According to some historical sources the Greek mathematician Thales applied the intercept theorem to determine the height of the Cheops' pyramid.[1] The following description illustrates the use of the intercept theorem to compute the height of the pyramid. It does not however recount Thales' original work, which was lost.

Thales measured the length of the pyramid's base and the height of his pole. Then at the same time of the day he measured the length of the pyramid's shadow and the length of the pole's shadow. This yielded the following data:

• height of the pole (A): 1.63 m
• shadow of the pole (B): 2 m
• length of the pyramid base: 230 m
• shadow of the pyramid: 65 m

From this he computed

${\displaystyle C=65~{\text{m}}+{\frac {230~{\text{m}}}{2}}=180~{\text{m}}}$

Knowing A,B and C he was now able to apply the intercept theorem to compute

${\displaystyle D={\frac {C\cdot A}{B}}={\frac {1.63~{\text{m}}\cdot 180~{\text{m}}}{2~{\text{m}}}}=146.7~{\text{m}}}$

#### Measuring the width of a river

 The intercept theorem can be used to determine a distance that cannot be measured directly, such as the width of a river or a lake, the height of tall buildings or similar.

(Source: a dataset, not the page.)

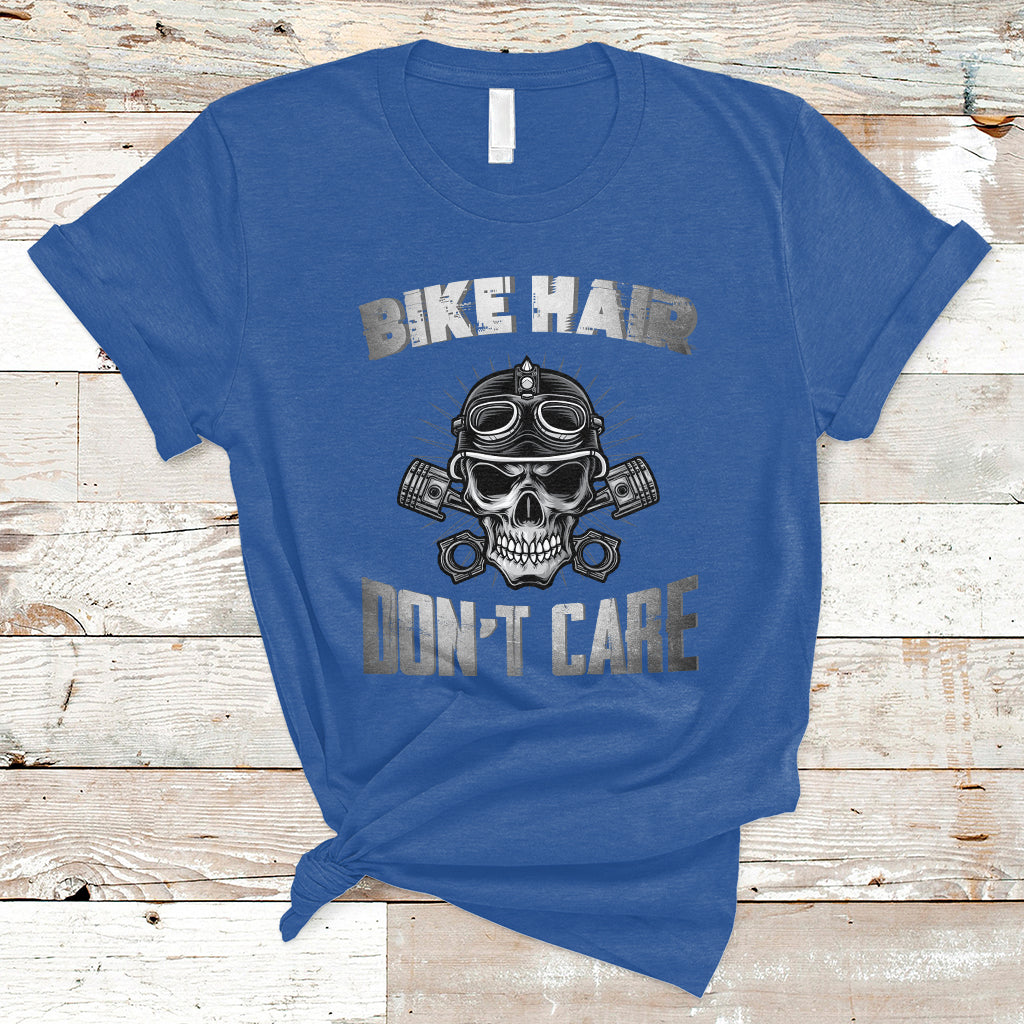 funny-bike-hair-dont-care-bike-skull-for-mens-boys-t-shirt-ts02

The graphic to the right illustrates measuring the width of a river. The segments ${\displaystyle |CF|}$,${\displaystyle |CA|}$,${\displaystyle |FE|}$ are measured and used to compute the wanted distance ${\displaystyle |AB|={\frac {|AC||FE|}{|FC|}}}$.

### Parallel lines in triangles and trapezoids

The intercept theorem can be used to prove that a certain construction yields parallel line (segment)s.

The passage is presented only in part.